Les Romans de la Table ronde (Paulin Paris)/Lancelot du lac/13

Léon Techener (volume 3.p. 68-83).

XIII.


Claudas cependant rendait les derniers honneurs au corps de son fils. Il prononçait sur lui une longue et douloureuse complainte, sans prendre souci du nouvel orage qui allait fondre sur lui.

Toute la ville de Gannes s’était en effet émue en apprenant que les deux fils de leur droit seigneur étaient retenus et qu’ils allaient être jugés par la cour des barons de la Déserte. Les chevaliers de Gannes, les bourgeois de la ville avaient pris les armes, et Pharien, dès qu’il fut rentré dans la tour avec son neveu Lambègue, l’implacable ennemi de Claudas, avait mandé tous ses amis pour tenir conseil avec eux. Ils avaient tous juré de mourir avant de laisser à Claudas le temps de frapper les deux enfants. La tour était à eux ; ils en fermèrent les issues et la munirent de provisions. Quand ils surent que Claudas avait mandé les hommes de la Déserte, dans la crainte d’un prochain soulèvement des hommes de Gannes, ils prirent les devants et allèrent l’assiéger dans son palais. « Nous avons, dit Pharien, plus de gens que le roi Claudas ne peut en réunir. Nous avons pour nous le droit, puisqu’il s’agit de la vie de nos seigneurs ; nous gagnerons, en les défendant, honneur dans le siècle, bon loyer dans le ciel ; car on doit, pour garder le corps de son droit seigneur, mettre le sien en péril. Mourir pour lui, c’est comme si l’on mourait pour les Sarrasins. »

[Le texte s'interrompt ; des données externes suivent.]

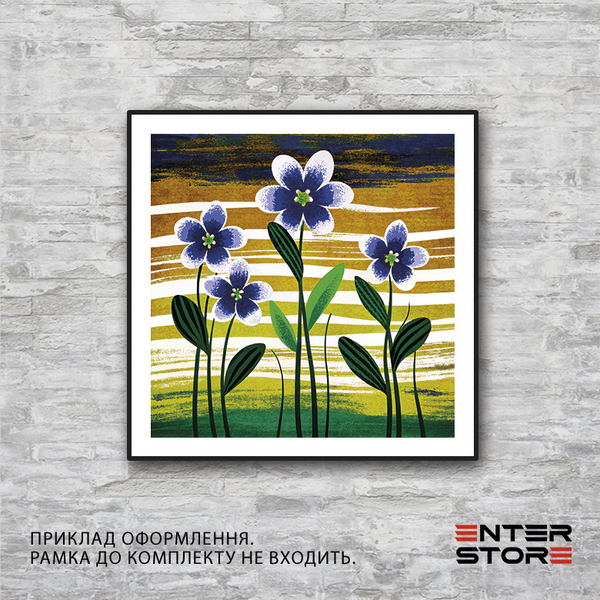 Постер без рамки 30х30 см квіти ретро стиль poster0130 фото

Chevaliers, sergents, bourgeois et fils de bourgeois entourèrent le palais au nombre de plus de trente mille. Le roi Claudas, à leur approche, demanda froidement ses armes. Il endossa le haubert, laça le heaume, pendit l’écu à son cou et ferma l’épée acérée à son flanc gauche. Puis il se montra aux fenêtres, tenant en main sa grande hache de combat. « Pharien, » demanda-t-il au sénéchal qu’il aperçut dans la foule, « qu’y a-t-il, et que veulent toutes ces gens ?

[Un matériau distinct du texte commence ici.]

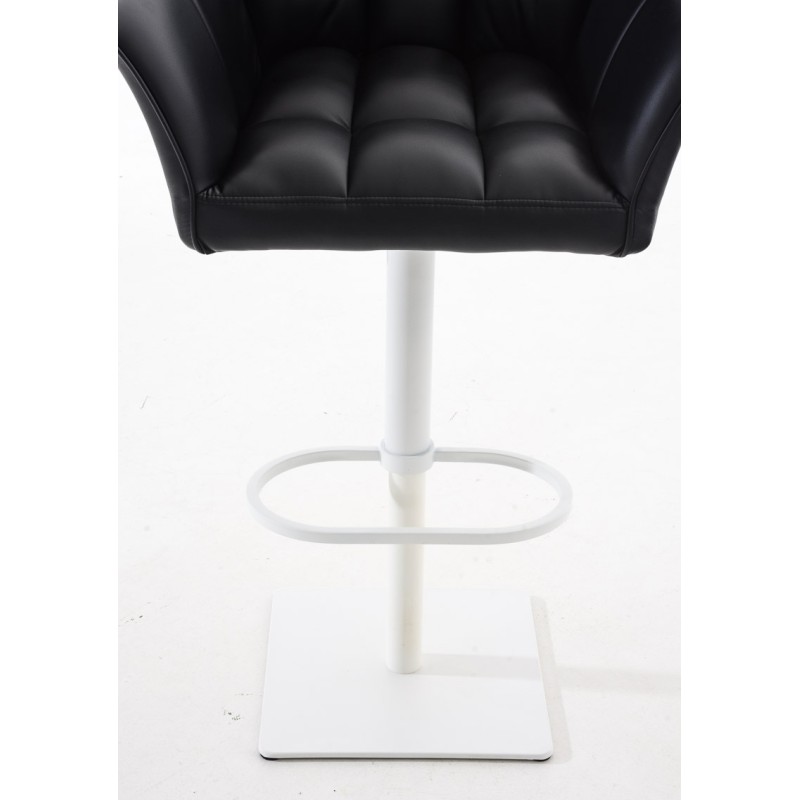 Juego de 2 taburetes de bar Damaso en piel sintética blanca y negra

— Ils redemandent leurs droits seigneurs, les fils du roi Bohor.

— Comment, Pharien ! ne sont-ils pas comme vous mes hommes ?

— Sire roi, nous ne sommes pas venus ici pour tenir plaids. J’avais en garde les deux fils du roi Bohor ; il faut que vous nous les rendiez. Demandez ensuite ce qu’il vous plaira, vous nous trouverez prêts a y faire droit : mais, si vous refusez de nous rendre les enfants, nous saurons bien les reprendre ; il n’est pas un seul de ceux que vous voyez ici qui ne soit prêt à mourir pour les défendre contre vous.

— Chacun fasse donc comme il pourra. Sans vos menaces, j’aurais peut-être accordé de plein gré ce que je refuse maintenant. »

L’assaut commença aux arcs, aux arbalètes, aux frondes tortillées. Pierres, flèches et carreaux volent par milliers. Le feu est ensuite allumé et lancé par les frondes. Claudas fait ouvrir la grande porte et sort la lourde hache en mains. Les dards pleuvent sur lui, pénètrent dans son haubert ; il tient bon, et malheur à ceux qui s’aventurent trop près de lui ! Mais, à la fin, Lambègue fend la foule, arrive à lui et lui coule le fer de son glaive dans le haut de l’épaule. Le roi tombe de cheval ; pour ne pas mesurer la terre il s’adosse au mur, et d’un suprême effort arrache l’arme sanglante. Lambègue revient à la charge ; si bien qu’après une longue défense, Claudas fléchit et tombe sans connaissance. L’autre pose un genoux sur lui, délace son heaume, et levait déjà le bras pour lui trancher la tête, quand Pharien accourt, assez à temps pour lui arracher des mains sa victime. « Que vas-tu faire, beau neveu ? Veux-tu tuer le roi qui a reçu ton hommage ? S’il t’avait déshérité, encore le devrais-tu défendre de mort. — Comment ! fils de mauvaise mère, répond Lambègue, voudrez-vous garantir le traître infâme qui vous a honni, qui menace aujourd’hui la vie de nos seigneurs liges ? – Neveu, écoute-moi : il n’est jamais permis de pourchasser la mort de son seigneur, avant de lui avoir rendu la foi. Quelque chose qu’ait fait Claudas ou qu’il veuille faire, nous sommes ses hommes et tenus de garantir sa vie. Nous ne nous sommes levés contre lui que pour le salut des enfants de notre premier seigneur que nous avions en garde. » Ce disant, Pharien saisissait le nazal du heaume de Claudas et découvrait son visage à demi. Et le roi qui avait bien entendu ce qu’il avait dit : « Ah Pharien, soyez loué ! Prenez mon épée, je la rends au plus loyal des chevaliers. Je vous remettrai les deux enfants ; mais ils n’auraient eu rien à craindre, quand même je les eusse tenus dans la tour de Bourges. »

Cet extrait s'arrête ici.